ACCA recommends auditors be more skeptical

The Association of Chartered Certified Accountants has released a new report calling for more professional skepticism on the part of auditors.

The ACCA’s report recommends market participants consider cognitive bias—the behavioral drivers that could influence decision making—more actively and take steps to minimize its impact on audit quality.

The report advises standard-setters to design auditing standards to mitigate the impact of known biases on decision-making. The ACCA suggests that, among other methods, standard-setters review possible “bias” within auditing standards and stress the importance of minimizing known bias in application guidance or other explanatory materials.

ACCA chief executive Helen Brand

The report also encourages regulators to focus on improvements that support greater audit quality. The ACCA is asking regulators to be more realistic about the limitations on completely mitigating bias. They should instead recognize the “human factor” within the regulatory process. The “human factor” in the audit process is inescapable, the ACCA noted, and even a machine-led audit may be subject to bias as a result of the information provided and the process of analysis.

On the part of auditors, the report recommends that when designing and performing audit procedures, they need to be more aware of their own subconscious biases and take active steps to mitigate its impact on the audit.

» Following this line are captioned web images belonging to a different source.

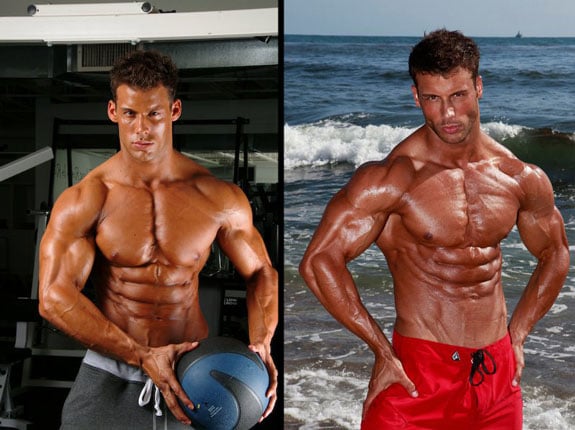 Justin Woltering Trainer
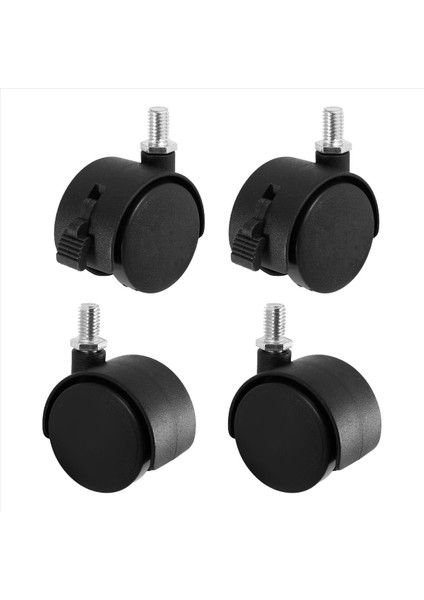 Çark Çarkıdaki 4 Vida Seti - 2 Kilit Fonksiyonu ile (Yurt Dışından)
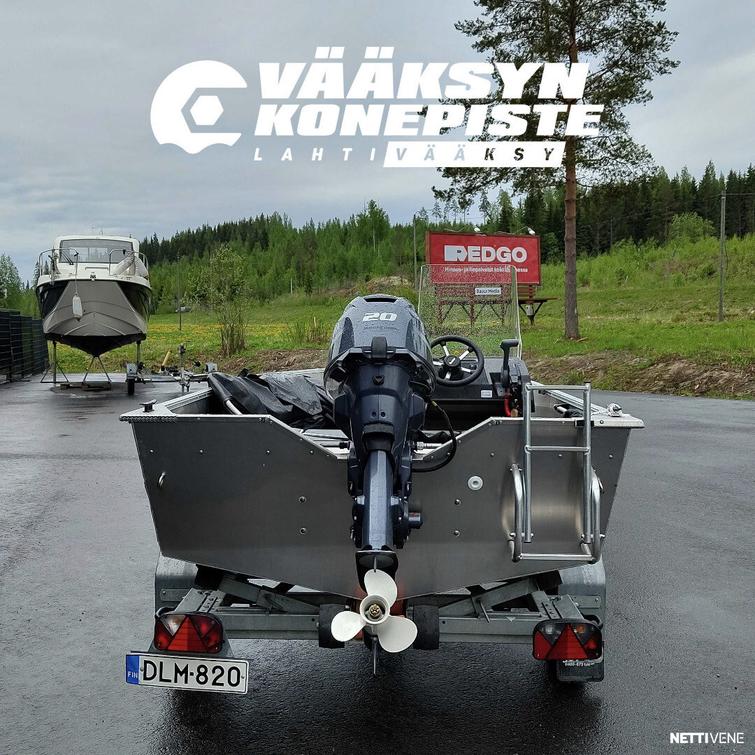Buster XSR + Yamaha F20 GEPL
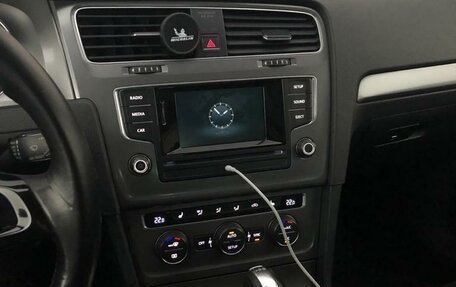 Volkswagen Golf VII, 2013 год, 1 100 000 рублей, 8 фотография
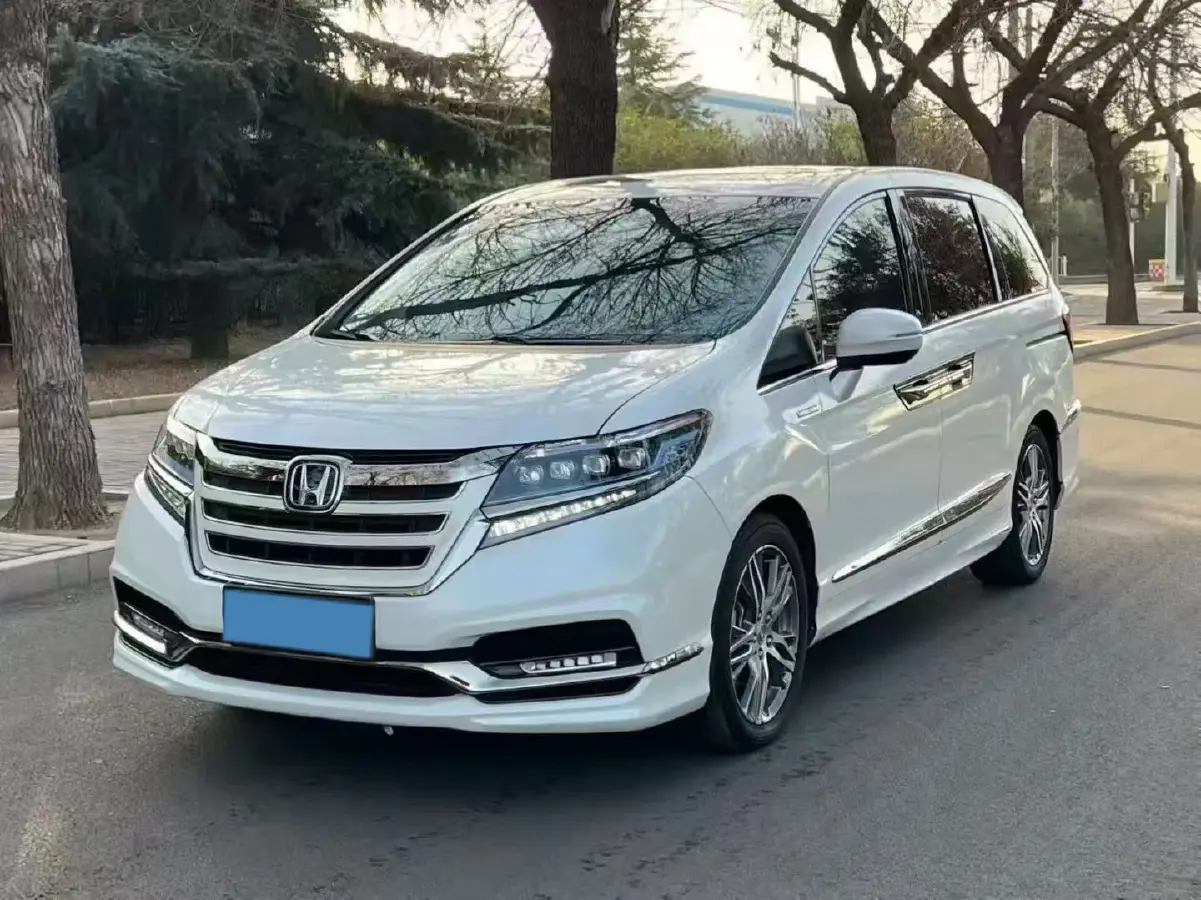 2019 Honda Elysioin 2.0L 146HP L4 E-CVT Hybrid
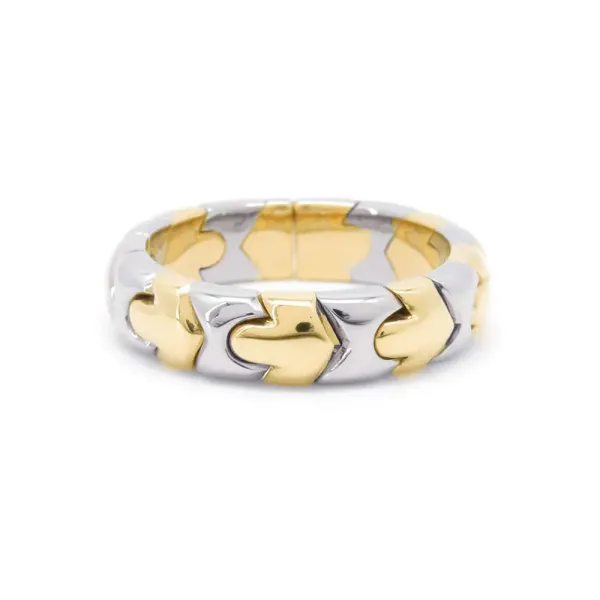 BVLGARI Alveare Ring Size 53/#13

“The concept of professional skepticism in audit has received a lot of attention from policymakers, regulators, politicians and the public over the years since the global financial crisis,” said Andrew Gambier, head of audit at ACCA. “It is important that all these stakeholders, as well as auditors themselves, understand the extent to which cognitive bias affects the audit process and the ways in which it can be managed, but stakeholders should also recognize that bias cannot be eliminated entirely. Our recommendations provide some first steps for auditors, standard-setters, regulators, audit committees, investors and others to better understand the scope and limitations of professional skepticism in audit. I encourage these stakeholders to take multilateral action to ensure that audit standards, processes and regulation foster real increases in audit quality.”